We went to the doctor’s office, and I made a real effort to act calm and relaxed and not terrified. I wanted to scoop him up and carry him and demand that they rush us to x-ray immediately, but I didn’t want to scare my son. So, we waited and he didn’t even want to play on my phone because his arm hurt so much. It was heartbreaking and scary. I found a robot cartoon he liked and let him watch that on my phone until they took him back to radiology.

It seemed like he was back there forever even though the clock only showed fifteen minutes elapsed. We sat in an exam room and when the nurse came in, she had a box of materials with her.

“Well, it’s broken, buddy,” she said cheerfully, “good news is it’s just a hairline fracture near the elbow, nowhere near his growth plate. We’ll have you in a cast for about six weeks and I’ll give Daddy the list of things you can’t do—no swimming, no sports, no monkey bars till the cast is off.”

“No swimming?” he groaned.

“It’s the rules.
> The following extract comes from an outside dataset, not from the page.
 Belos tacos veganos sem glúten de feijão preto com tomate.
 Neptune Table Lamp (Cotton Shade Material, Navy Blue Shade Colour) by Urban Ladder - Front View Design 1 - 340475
We have to let your arm heal and not let it get hurt again while it’s mending,” the nurse said. “The doctor will be right in to apply the cast and give you some instructions. I just came in to bring you a grape lollipop.”

“Thank you,” I said, and unwrapped it for him.

He sucked on his lollipop happily and watched the robot show some more. I couldn’t believe he had to get a cast and miss out on some of his favorite activities for weeks because of it. No more roughhousing with the cousins or swinging from the bars at the playground. No swimming. I’d have to make sure I came up with some fun things for us to do together in the meantime.

When the doctor had applied the cast, a process that fascinated Colin a lot more than it bothered him, I took the copy of the directions for safety and care and scooped up my son to carry him out.